Traffic was ghastly. After an hour in the car, sitting in gridlock four blocks from my destination, I made a tactical error. “I can walk faster,” I insisted, not wanting to be late. My ex agreed. I hopped out of the car, climbed a snowbank, landed on the sidewalk. Literally. Splat.

I was in shock for a lot of what happened next. I remember hearing screams as if they were coming from elsewhere. My vision went a cloudy white. Excruciating pain radiated from the ankle, which I’d seen contort on my way down. The shoulder was fine, but I knew without trying that I couldn’t stand on my right foot. A homeless woman asked if she should call someone for me. I grasped for my phone, but like in a dream when you can’t ever dial a phone number correctly, I couldn’t remember how to work it. After several bumbles, I managed to call my ex, who had only advanced a few car lengths up the street. He pulled into a snowbank and ran to scene of the fall.

He tried to help me up. I wailed. Cautiously, he got me standing on my left foot. Since I couldn’t drape my right arm over his shoulder three-legged race style, our center of balance was off as we hopped a few tentative steps.

“I’ll drive you to the ER,” he reassured me, until we reached the street corner and realized his car sat on the other side of an impassable patch of ice and snow. We called 911.

The ambulance led to the emergency room. The emergency room led to three sets of x-rays and two ankle reductions —a process by which two-to-three doctors push and pull on your ankle to “set” the broken bones. (Yes, there was morphine.) Those procedures led to four hours of reconstructive surgery the next day. Overall, I spent five days in the hospital.

I’m home now, completely non-weight bearing on the right side of my body. I can’t use crutches because of the healing rotator cuff, so a wheelchair is my mode of transport. I’m confined to the first floor of my house since I have no way to go up or down the stairs. My living room has been converted to part bedroom/bathroom, as ADA compliant as possible.

A side note: never buy a house without a first floor bathroom.

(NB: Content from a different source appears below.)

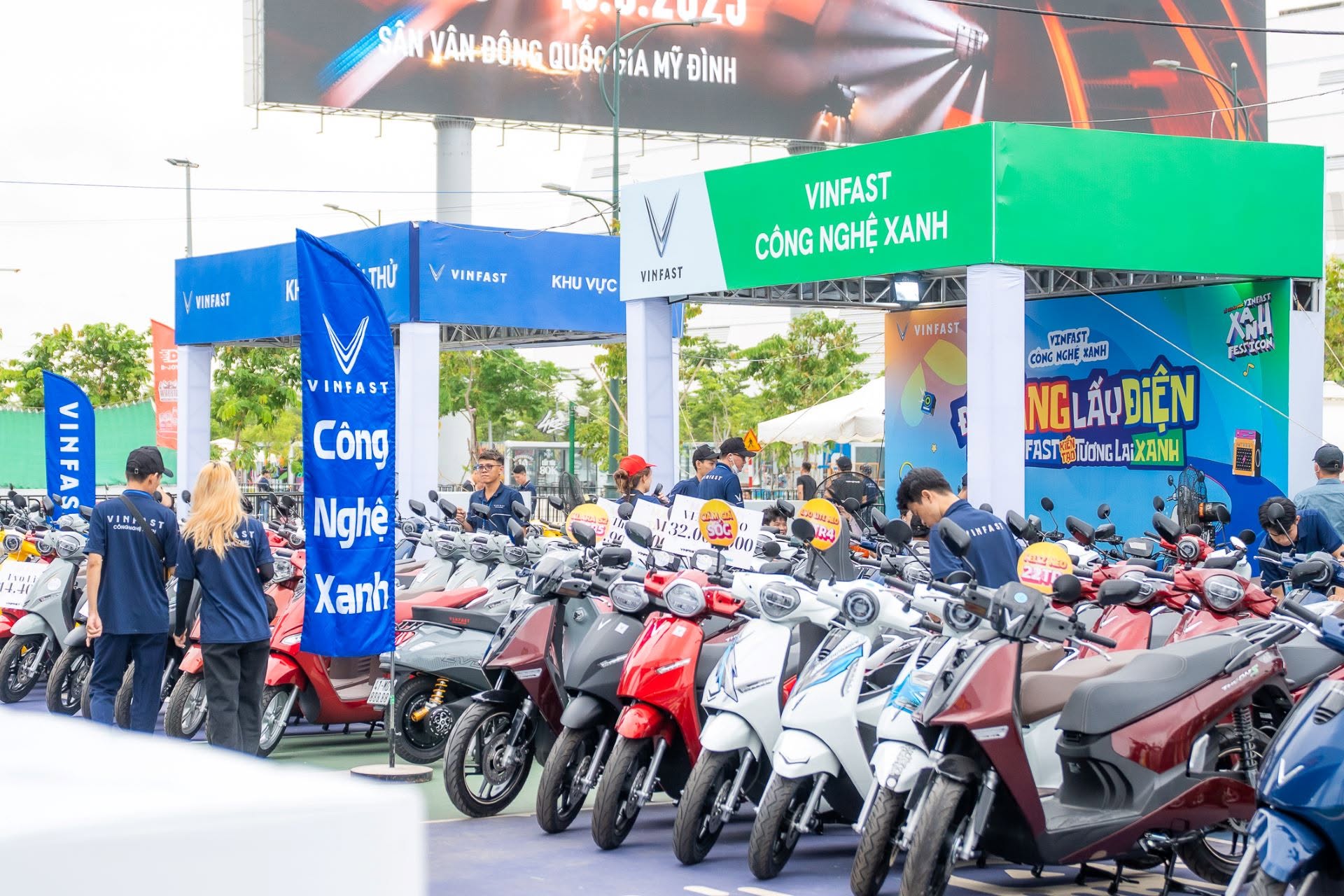 Với 20 triệu đồng, mua được mẫu xe máy điện nào? - Ảnh 1.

From the moment of my accident, friends and family jumped to action. While I was still in the hospital, my sister friends set up my house, organized around the clock care, bought me books and wide-legged yoga pants, stocked my refrigerator, fed my cats, and created a meal calendar. My beloved Weekend Warriors scheduled an impromptu visit to complete tasks around the house to make my life easier. My dad arranged transportation to follow up doctor visits and rented wheelchair ramps to get me in and out of the house.

The prognosis is to be determined. The rotator cuff repair requires four-to-six months, minimum, before I’m back to normal. My ankle surgeon said I have at least two more months to go before I can put weight on my foot. (I thank yoga and barre for giving me a strong core; the left side of my body is doing all the heavy lifting these days.) I learned to transition with ease from bed to wheelchair and back. I’m putting the lap in laptop because there’s no FMLA when you work for yourself. Like it or not, sponge baths have to be my jam for the time being. For all who have offered advice on pain management, I thank you. With the consult of my doctor, I have figured out a regiment that works.

Healing is my focus. I won’t jeopardize recovery of the ankle or the shoulder by rushing the process. As deductibles, co-pays and other medical expenses mount, I won’t panic; top medical care is not worth skimping on, as I now realize after bumping down from a gold health plan to silver, effective 01/01/16.

Thanks to all who have sent healing vibes, prayers, meals, hugs and other forms of support. My heart overflows with your love and warm thoughts. I’m mostly in good spirits, but I slip into inevitable moments of self pity. There are lessons to be gleaned from all of this, lessons I will take to heart.

And when it’s all over, maybe I’ll commemorate the Great Fall of 2016 with a tattoo over the scars that will forever remind me wedge boots are never a good idea in the snow and ice.